Francis both began and ended his homily yesterday by wishing everyone a " Buona Pasqua " (happy Easter).

Contrary to the accepted practice of his predecessors, he did not offer the traditional multilingual blessing in which the pope wishes the faithful a happy Easter in up to 65 different languages.


Less theatrical
Vatican insiders suggest that not only is the new pope less than comfortable with some languages, including in particular English, but also that he believes that the use of just one language – the papal lingua franca of Italian – renders papal ceremonies less theatrical and more straightforward.

As he has done throughout this opening phase of what is fast becoming a very different pontificate, Francis spoke only in Italian yesterday.

Not that this seemed to matter much to the packed square which exploded with enthusiasm when he did his “popemobile” tour, stopping, as has quickly become his wont, to kiss a number of babies and at least two severely handicapped young men.

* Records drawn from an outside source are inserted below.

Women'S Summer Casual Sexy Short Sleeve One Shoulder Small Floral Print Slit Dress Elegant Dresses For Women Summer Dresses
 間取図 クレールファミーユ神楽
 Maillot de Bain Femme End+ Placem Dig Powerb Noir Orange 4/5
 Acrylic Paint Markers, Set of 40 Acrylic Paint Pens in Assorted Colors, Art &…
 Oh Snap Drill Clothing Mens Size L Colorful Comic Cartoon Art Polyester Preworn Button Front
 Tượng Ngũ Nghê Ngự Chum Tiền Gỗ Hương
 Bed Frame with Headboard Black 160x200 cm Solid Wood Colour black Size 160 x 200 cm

Not since the funeral and the later beatification of John Paul II has St Peter's seen crowds of the size which have filled the square for the set-piece ceremonies of this Holy Week, a week when Francis broke with tradition to celebrate the Maundy Thursday washing of the feet in a juvenile prison rather than in the Vatican.

In that ceremony, too, Francis washed the feet of two women and two Muslims.


Roads closed
When the pope celebrated the Way Of The Cross, at the Colosseum on Good Friday evening, there was such a large turnout that police were forced to close off much of downtown Rome.

Yesterday's crowd inevitably included many of the pope's Argentine compatriots, some of whom even managed to hand him the soccer shirt of his favourite club, San Lorenzo of Buenos Aires.